So, after an inconsistent season that nonetheless had promise for the post-season has officially imploded.
I know, some will say that the Sox still have a chance with Minnesota losing tonight. It does not matter. In reality, even if the White Sox find a way out of this and win the division, the result would be anticlimactic.
The byword for the season is “inconsistency”. It started with the starting pitching not doing well, but the bullpen, predicted to be a follow up of last year’s horror story, being among the strongest in baseball, while the hitting was as anemic as every early spring for many years.

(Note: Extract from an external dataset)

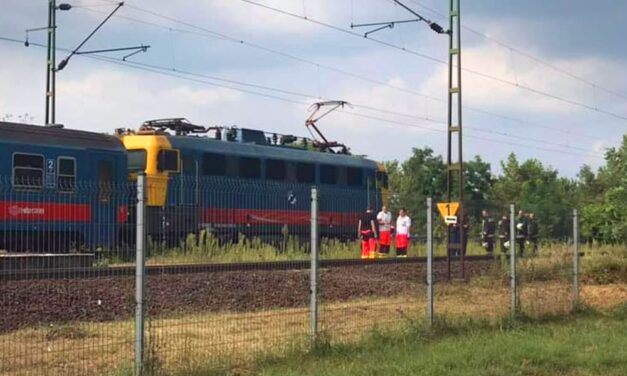 Gázolt a vonat Dunakeszinél, sokat késnek a vonatok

When the starting pitching picked up, the hitting didn’t. As the hitting started to pick up, the starting pitching went south. As the starting pitching came back in the end, the bullpen collapsed. With the exception of a few stretches of games, the team was never on the same page.
It is, of course, a myth that the 2005 team relied strictly on Ozzieball …. there were plenty of home runs flying out to help the team, but it is also true that in 2005, the team could run produce beyond the homer ….. which carried the team through power droughts as invariably occur. Since 2005, the ability to run produce has evaporated. This feeds inconsistency on a team by attacking the integrity of the team’s batting average and defense, not to mention the ability to manufacture runs.
The problem is: the White Sox now have two issues to deal with: bullpen and speed. Had the speed issue been addressed more readily over the past two seasons, the bullpen would not seem as daunting a task to fix. Now it seems there are multiple issues to address.
I can only hope that this get s addressed in the near future ….. the team still has some core players producing: Jermaine Dye had a great season. Carlos Quentin was fine. Jenks, Danks, Floyd were fine, and Linebrink was fine until his injury …. given rest he might be OK. Alexi Ramirez was a pleasant surprise.
I love Jim Thome, and I hope that the Sox will find a way to keep him with the team after his retirement. But you cannot have a DH batting that low. Ken Griffey, Jr: time’s up. See ya in Cooperstown where I hope your plaque will read “one of the greatest all-around players in the history of the game”. It’s the truth. Swish: loved the attitude, not the BA. If you cannot bunt and keep your batting average over the .260, you gotta go!
The White Sox are still trading a bit on their more recent reputation, which is greatly improved from years ago, when players couldn’t wait to go anywhere else. In recent years, players seem to be more willing to stay. A few more years without a post-season appearance, and that could change.
It will be a long winter on the good side of Chicago.